**RECORDS TO PROCESS**

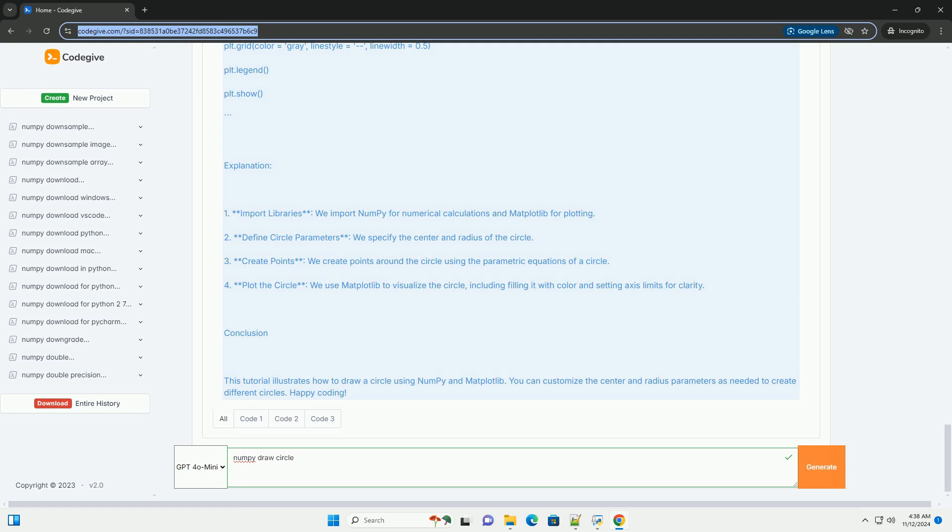Explanation: 1. Import libraries. We import numpy for numerical calculations and matplotlib for plotting. 2. Define circle parameters. We specify the center and radius of the circle. 3. Create points.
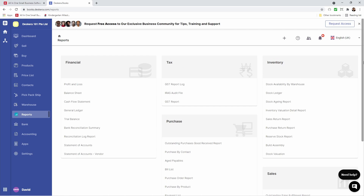And that was a quick look at how to create journal entries, bank deposits, how to set up your month end closing, and a quick look at reports.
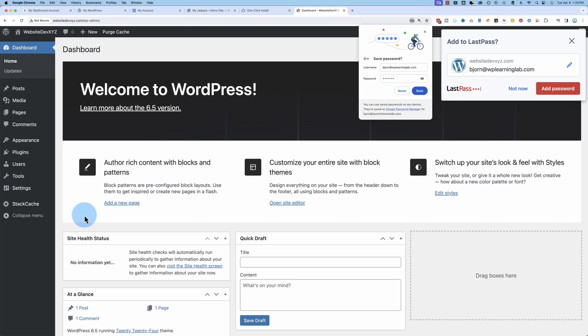And if you want to get a hold of my super popular 17 point WordPress launch checklist that's been downloaded over 100,000 times over the years, there's a link to it in the description down below. It's going to help you flawlessly launch every one of your WordPress sites from now on. So check that out. It's totally free. There's a link in the description.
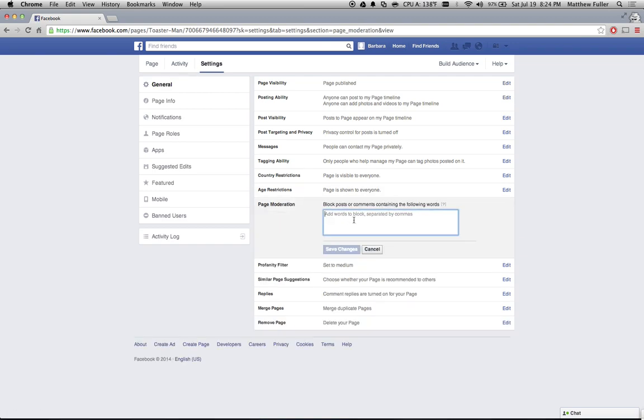you can just enter a whole list of words. So maybe my name's Toaster Man, but I don't like Toaster Girl or Toaster Woman, so I'm going to block those words from my page.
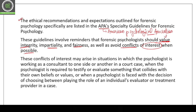If there is a conflict of interest possible, you have to avoid it. These conflicts of interest arise in situations where the psychologist is working as a consultant to one side of a court case. When the psychologist is required to testify or evaluate something, and if that collides with their own benefits and values — you should have some values and you should not breach them.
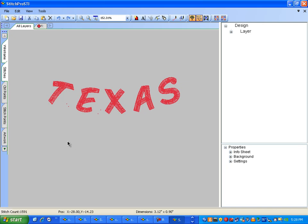For more words or numbers, simply click the A tool again, the text tool, and put up more letters, words, numbers, whatever you like.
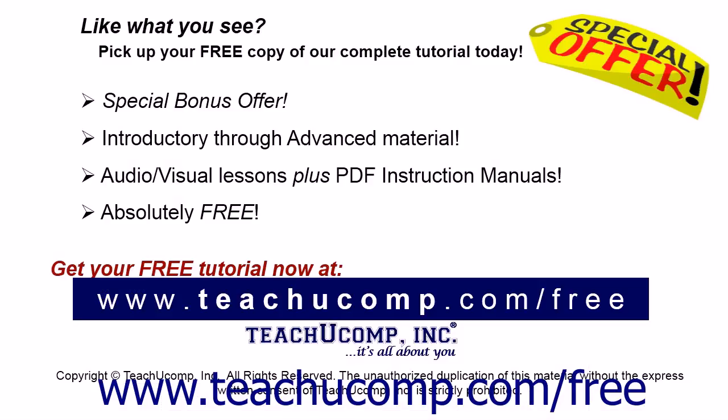Like what you see? Pick up your free copy of the complete tutorial at www.teachucomp.com/free.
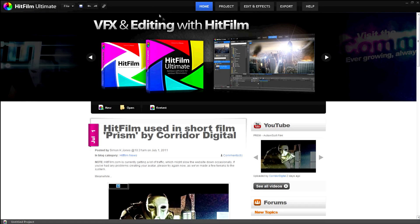Hey guys, this is part 4 of our HitFilm tutorial series. In this segment we will be showing you how to create a new project.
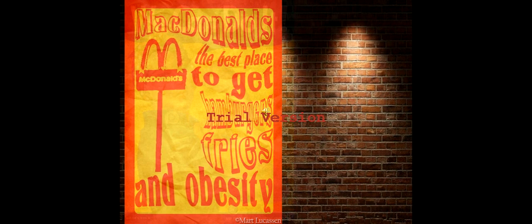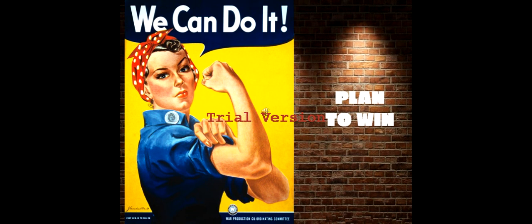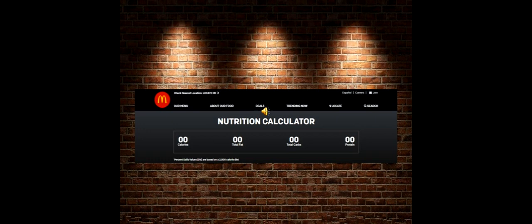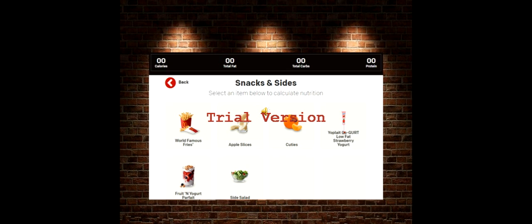Years ago, there were allegations on McDonald's that it was the main reason for obesity in children. Due to falling market shares, it came up with a strategy called 'Plan to Win,' which is still in motion. This plan mainly focused on providing quality food and quicker service to its customers along with a good time. To address the allegations, McDonald's took many steps — like it reduced portion sizes, introduced a calorie calculator, and added salads and fruits to its menu.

**TO DO**
Retype the lines above exactly as they appear, from the line containing "And that was" through the line containing "Like what you", and leave out any pictures.

**TASK SOLUTION**
And that was a quick look at how to create journal entries, bank deposits, how to set up your month end closing, and a quick look at reports.
And if you want to get a hold of my super popular 17 point WordPress launch checklist that's been downloaded over 100,000 times over the years, there's a link to it in the description down below. It's going to help you flawlessly launch every one of your WordPress sites from now on. So check that out. It's totally free. There's a link in the description.
you can just enter a whole list of words. So maybe my name's Toaster Man, but I don't like Toaster Girl or Toaster Woman, so I'm going to block those words from my page.
If there is a conflict of interest possible, you have to avoid it. These conflicts of interest arise in situations where the psychologist is working as a consultant to one side of a court case. When the psychologist is required to testify or evaluate something, and if that collides with their own benefits and values — you should have some values and you should not breach them.
For more words or numbers, simply click the A tool again, the text tool, and put up more letters, words, numbers, whatever you like.
Like what you see? Pick up your free copy of the complete tutorial at www.teachucomp.com/free.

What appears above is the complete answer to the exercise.